Ecosystem-level inequities can occur across a wide range of AI research and innovation contexts. For instance, when AI-enabled health interventions such as mobile-phone-based symptom checker apps or remote AI-assisted medical triaging or monitoring are designed without regard for the barriers to access faced by protected, vulnerable, or disadvantaged groups, they will disproportionately benefit users from other, more advantaged groups. Likewise, where funding of the development of AI technologies, which significantly affect the public interest, is concentrated in the hands of firms or vendors who singly pursue commercial or financial gain, this may result in exclusionary research and innovation environments, AI systems that are built without due regard for broad fairness and equity impacts, and limitations on the development and deployment of wide-scale, publicly beneficial technology infrastructure. Moreover, widespread structural and institutional barriers to diversity and inclusion can create homogeneity on AI project teams (and among organisational policy owners) that has consequential fairness impacts on application decisions, resource allocation choices, and system deployment strategies.
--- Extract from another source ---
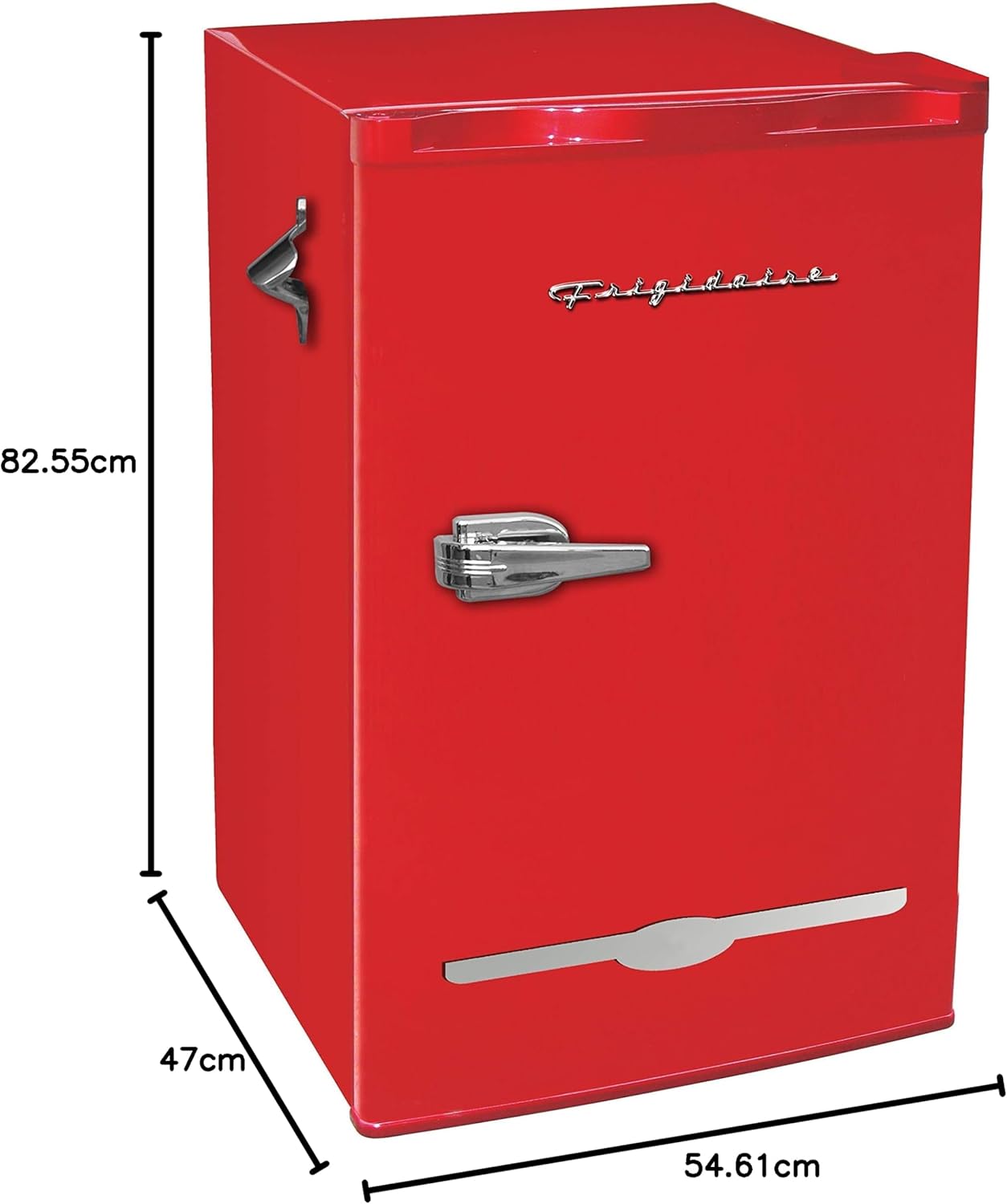 3.2 CU FT RETRO BAR FRIDGE WITH SIDE BOTTLE OPENER (RFR376-C-Red)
The concept of ecosystem fairness highlights the importance of mitigating the range of inequity-generating path dependencies that originate at the ecosystem level and that are often neglected by or omitted from analyses of AI project lifecycles. Ecosystem fairness therefore focuses both on rectifying the social structures and institutions that engender indirect discrimination and on addressing the structural and institutional changes needed for the corrective modification of social patterns that engender discriminatory impacts and socio-economic disadvantage. In this way, ecosystem fairness involves the transformation of unjust economic, legal, cultural, and political structures or institutions with the aim of the universal realisation of equitable social arrangements.